3. Project 1

3.1. General Project Rules

  • You must use Eclipse IDE, and you must use it to submit to Web-CAT. We won’t accept submissions any other way.

  • There are 4 projects during the semester, each has a 3-4 week lifecyle.

    • Each has three milestones, so about one/week.

    • P1’s first milestone is really easy (make minor changes to the starter kit and submit to Web-CAT), and is due at 11pm on Wednesday, September 3.

  • A major part of the project score is based on correctness, as defined by passing the reference tests at Web-CAT. We won’t tell you a lot of detail about what is in the reference tests.

  • A major part of the “correctness” score is adjusted by the quality of your own test suite (as defined by Mutation Testing coverage — we will discuss this later).

3.2. Project 1: Movie Rater Database

  • You will implement a “movie recommendation database”.

    • Movies have an abstract index (a positive integer).

    • Reviewers have an abstract index (a positive integer).

    • A review is just an integer score from 1-10 for a given reviewer/movie pair.

  • Besides storing, updating, and deleting reviews, you will support implementing a simple “similarity” score.

    • This idea is at the heart of “recommender” systems that permeate the internet.

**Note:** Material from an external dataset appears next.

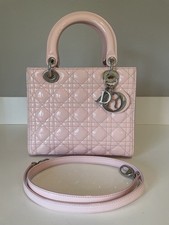 Authentic CHRISTIAN DIOR Patent Cannage LADY DIOR Shoulder Bag Medium - Pink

Recommender systems “recommend” things to you.

3.3. Data Representation

  • The data structures challenge is how to store the ratings.

    • A natural approach would be to use an array.

    • But there are not many reviews for any given movie, and not many movies are reviewed by any reviewer.

    • So if we used an array, most positions would have “empty” values.

    • We solve this problem by implementing a “Sparse Matrix”.

3.4. Sparse Matrix

Sparse Matrix

3.5. What We Give You to Get Started

  • We specify the class name for the project (MovieRaterProj), an interface that you must implement (MovieRater), and the name of a class that implements MovieRater (MovieRaterDB).

  • This lets us write reference test cases for grading that make calls to the interface.

    • Reference tests do not write to System.out, or check the contents of System.out.

  • We give you some initial tests (MovieRaterTest) that are meant to demonstrate all the requirements related to formatting the interface method return values.

    • If we get questions indicating that we left something ambiguous, we will update the example tests for you to see.

    • Important service: We will check any tests added to MovieRaterTest against the reference implementation. This lets you verify that your tests are correct (meaning, that you have no misconceptions about the project requirements — if your tests are thorough).

  • The project design is pretty simple, because all that you really need to add is the implementation for the Sparse Matrix.